- **Exercise**:
I need the lines from the one containing "selling telephones, glasses" through the last line of the entries retyped exactly, with no pictures among them.

----- Records to process -----

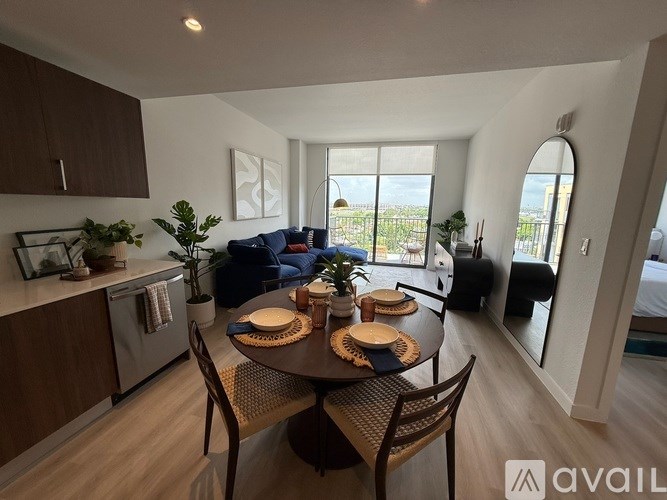 A modern kitchen with a dining table set for two.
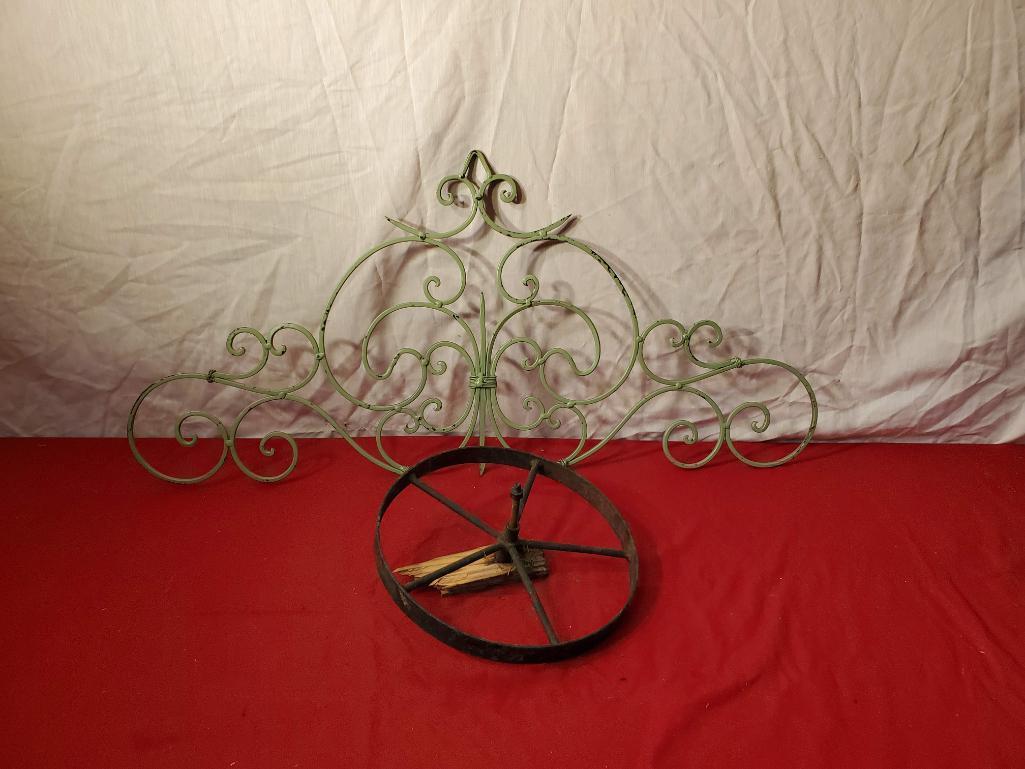 Metal wall embellishment, 35 x 16 inches, and vintage 8 inch metal wheel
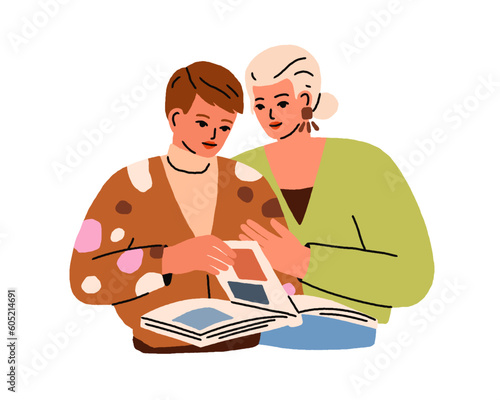 Women friends looking photographs in photo album, paper book. Girlfriends wit...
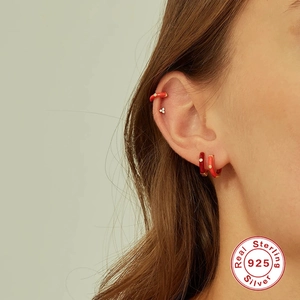 Authentic 925 sterling silver hoop earrings set with red enamel and pavé rhinestones
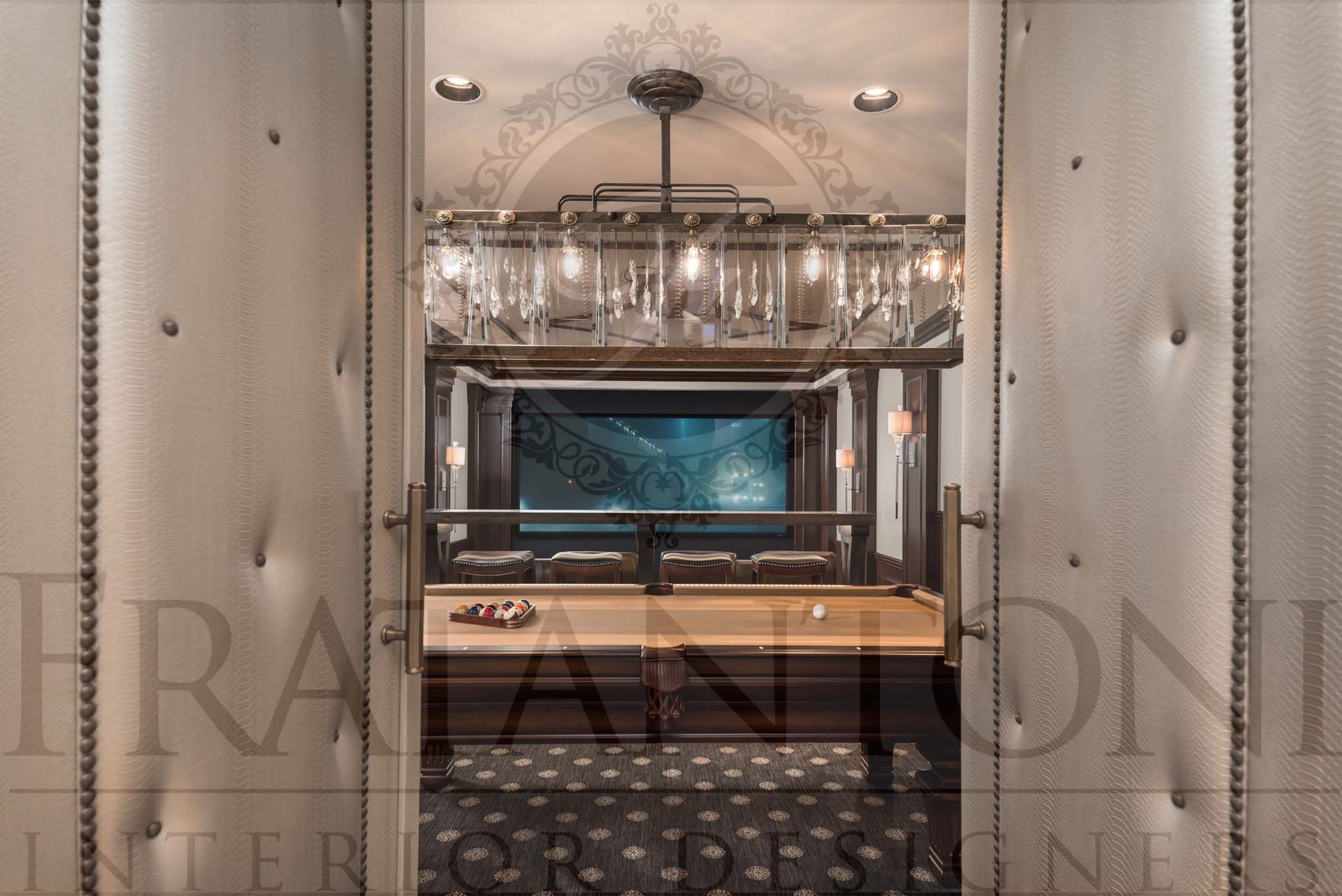 Tufted walled hallway entering a game room and movie theater room with glass lighting fixture over pool table with patterned carpet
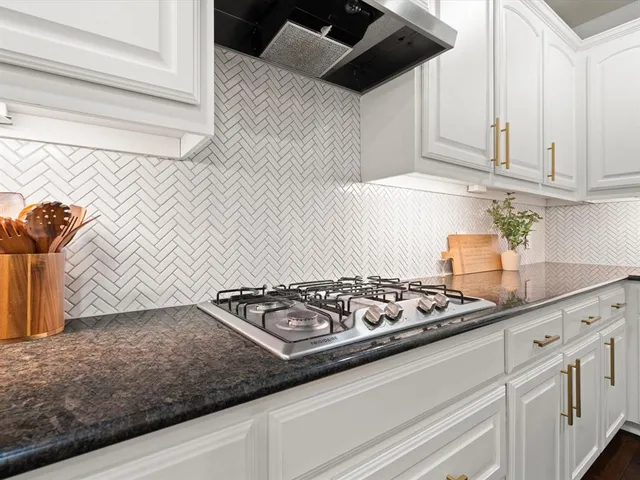 a kitchen with white cabinets and appliances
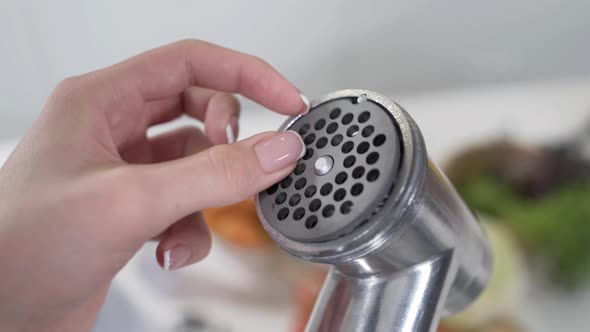 Female Hand Sets Cutting Plates in Meat Grinder for Providing Quality Mince From All Types of Meat alt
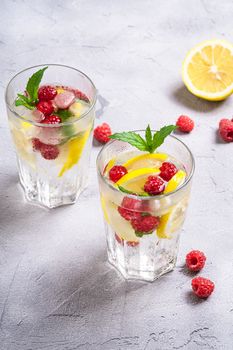 Fresh cold ice water drink with lemon, raspberry fruits and mint leaf in two faceted glass on stone concrete background, summer diet beverage, angle view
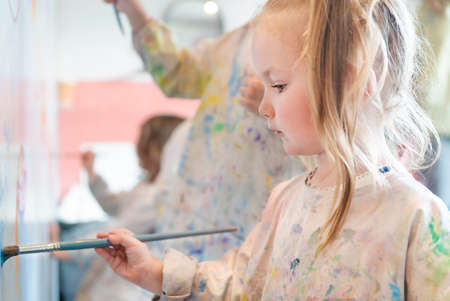 Little child draws with paints on a white wall, side viewの写真素材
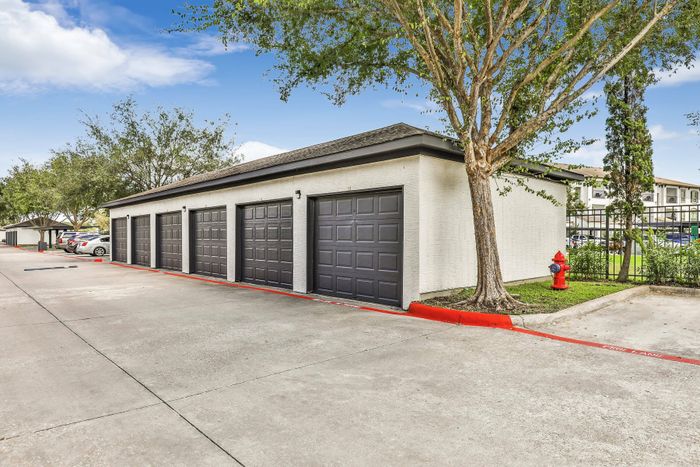 garages surrounded by clean pathways and trees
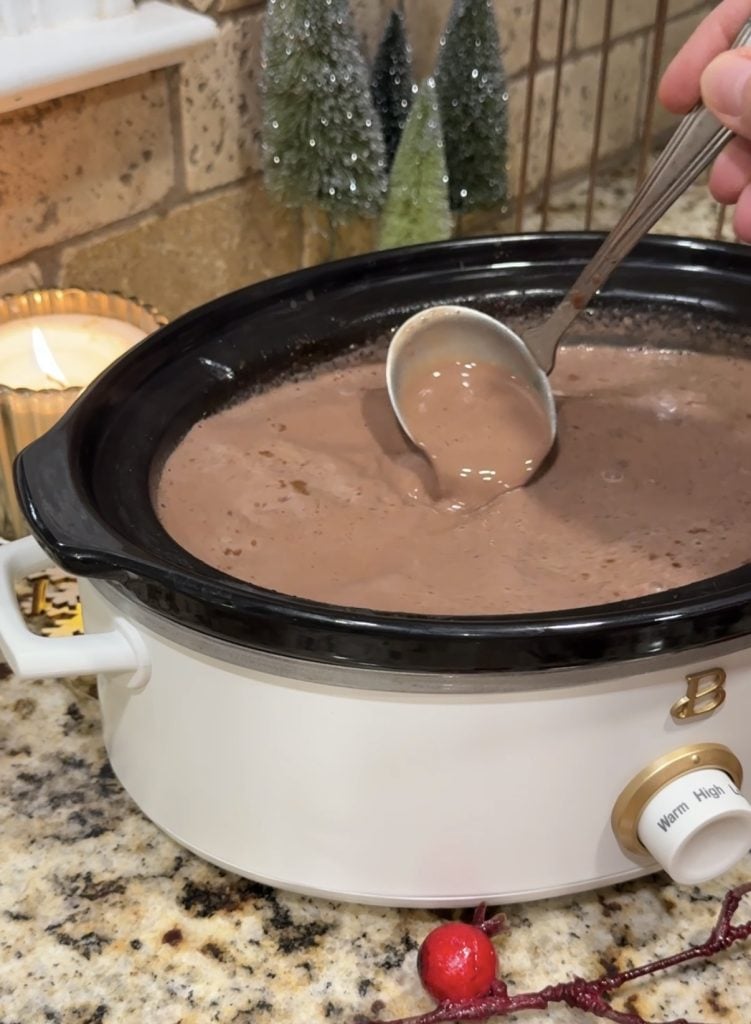 Slow cooker with hot cocoa in it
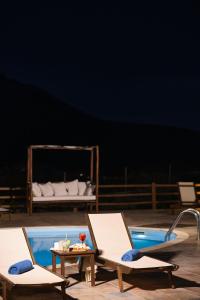 two chairs and a table next to a pool at Amorgion Village in Katapola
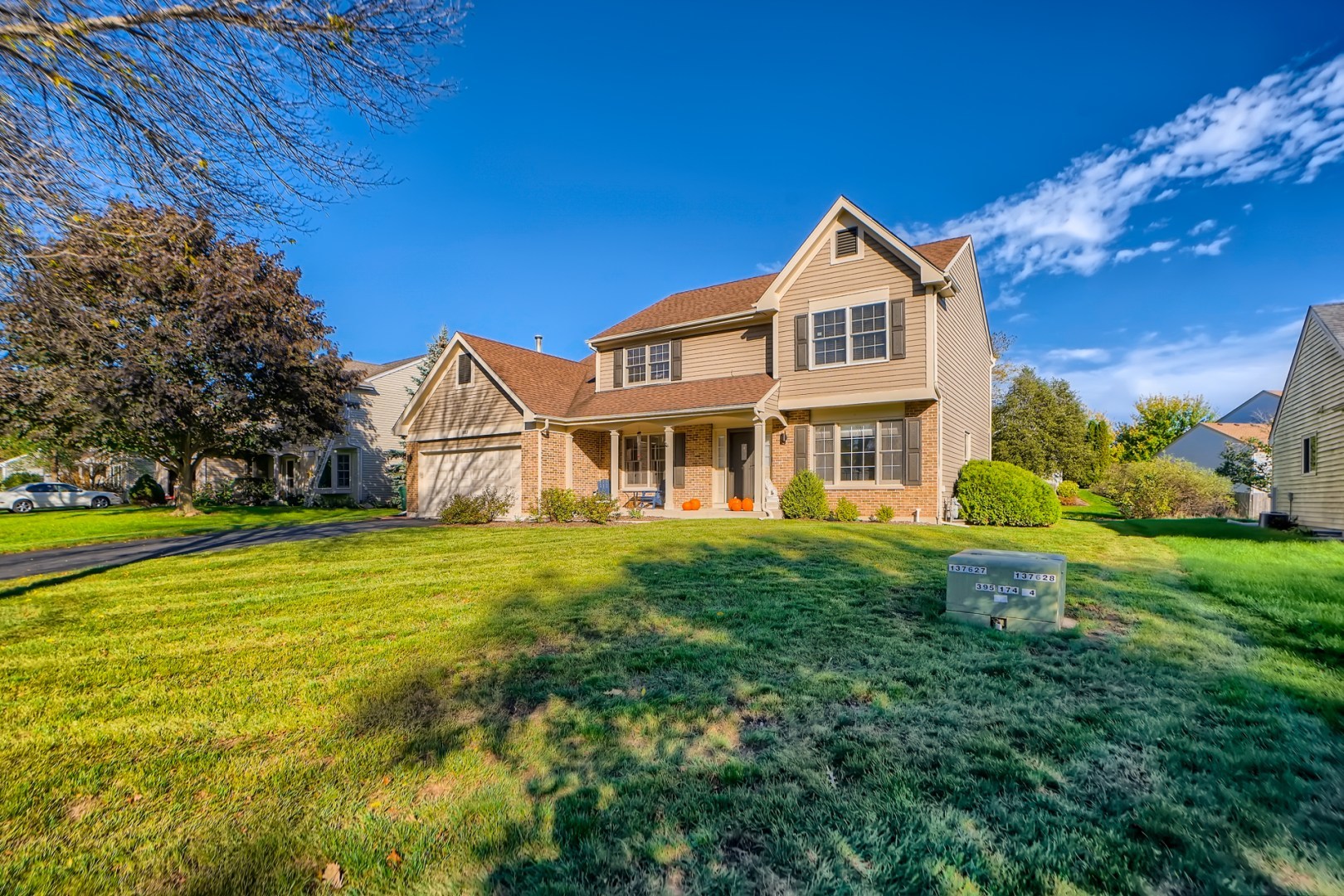 1083 Sumner Circle Gurnee, IL 60031 - Photo 2 of 27 a front view of a house with a yard and garage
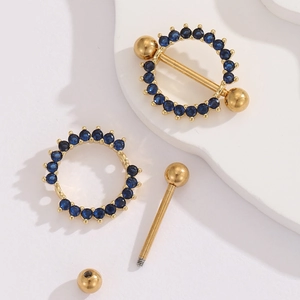 Detailed macro view of 18K gold-plated nipple rings with blue zircon set in stainless steel
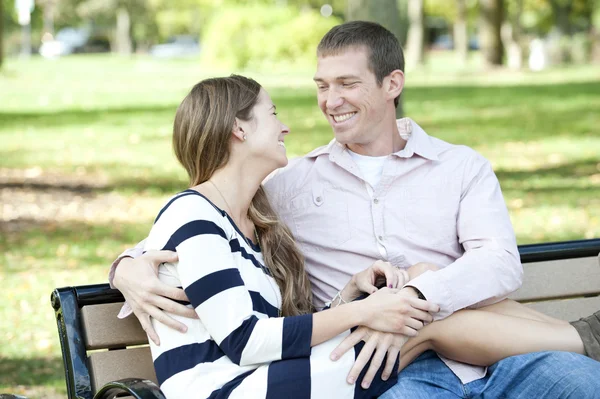 Couple sitting on a bench at the park — Stock Photo, Image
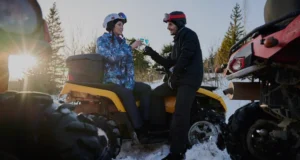 Two riders enjoying a break on all-terrain vehicles in a snowy forest, symbolizing the fun and risks covered by ATV insurance.
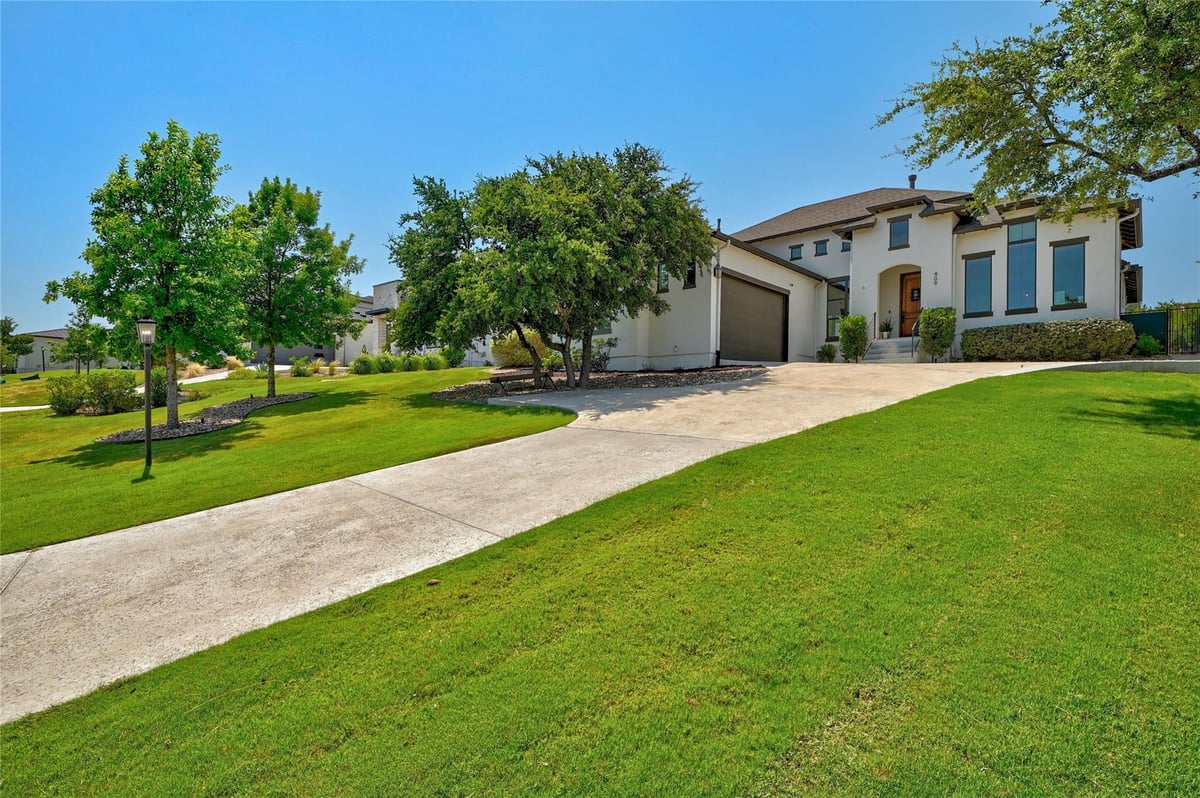 View 409 Ringtail Stream Dr in Serene Hills 409 Ringtail Stream Dr - front exterior - Luxury home in Serene Hills, Austin, TX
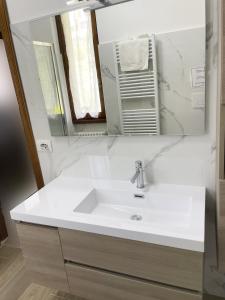 a bathroom with a white sink and a mirror at Lennolake Relax House in Lenno
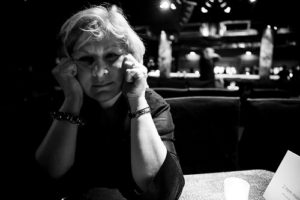 Black and white photo of older woman with grey hair with a sad expression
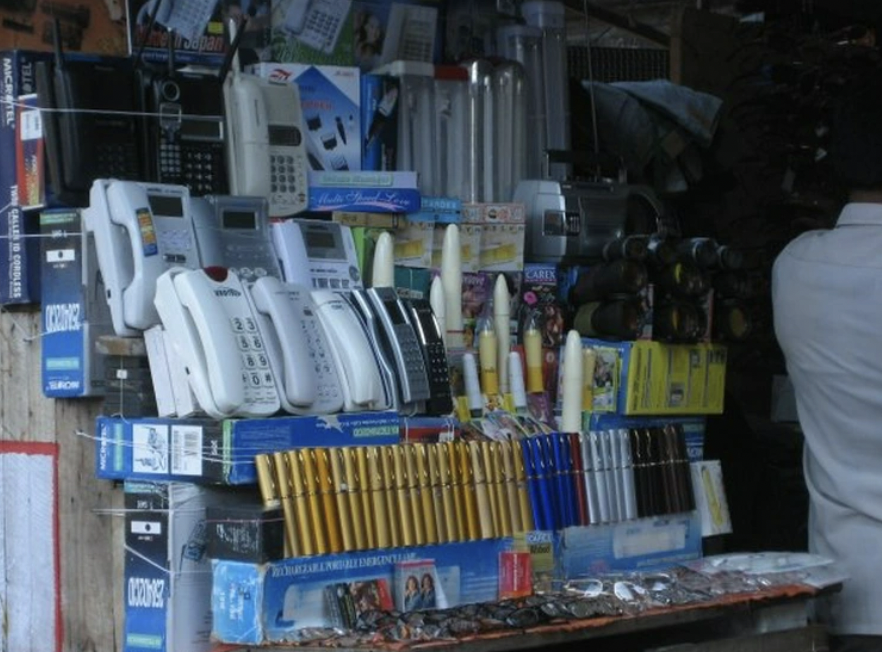 “Street vendor selling telephones, glasses and dildos at his stand.”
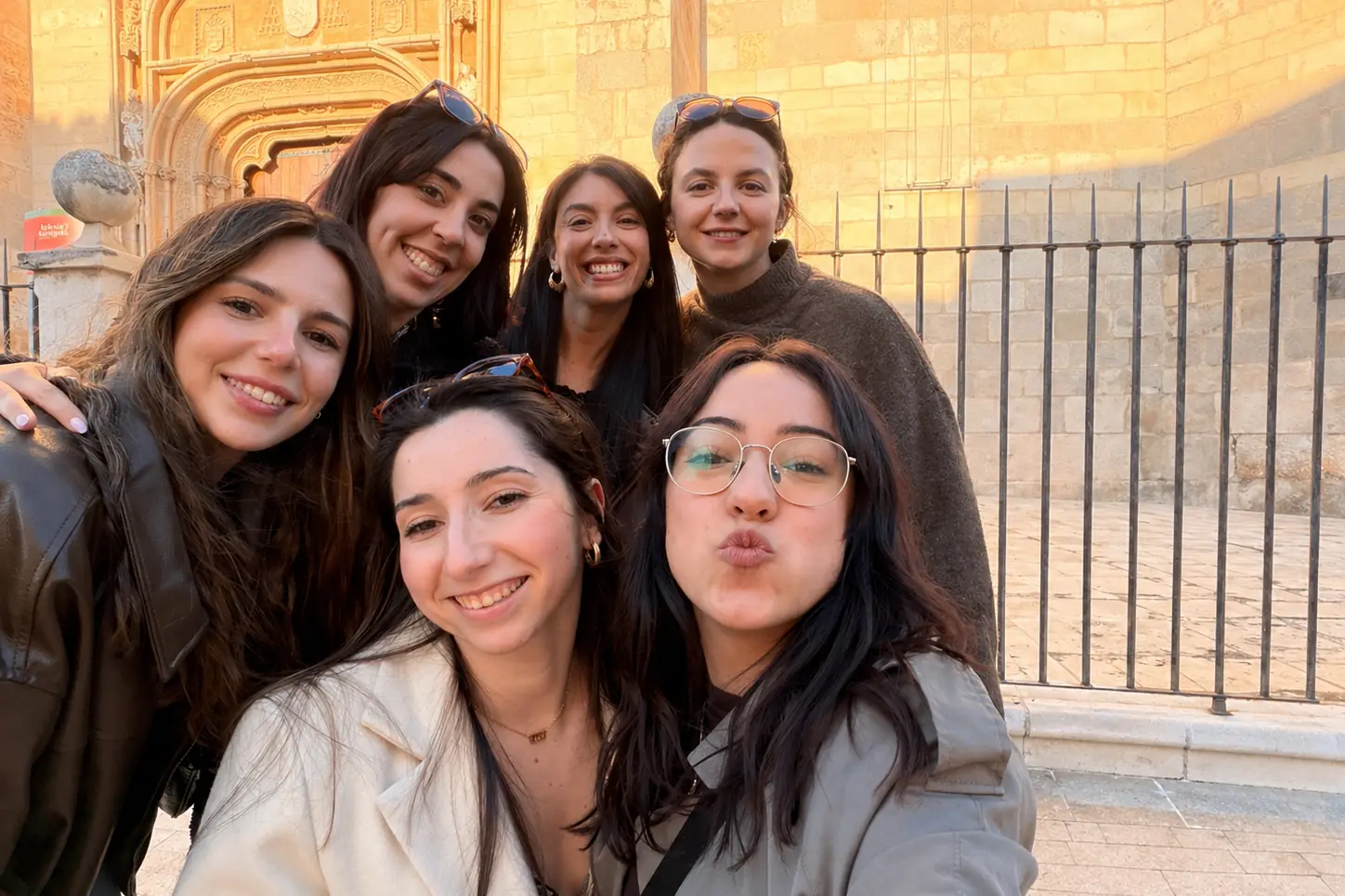 Natalia Pitarch y sus colaboradoras sonriendo juntas frente a un edificio histórico de Alcalá de Henares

-----

- **Response to the task**:
 “Street vendor selling telephones, glasses and dildos at his stand.”
 Natalia Pitarch y sus colaboradoras sonriendo juntas frente a un edificio histórico de Alcalá de Henares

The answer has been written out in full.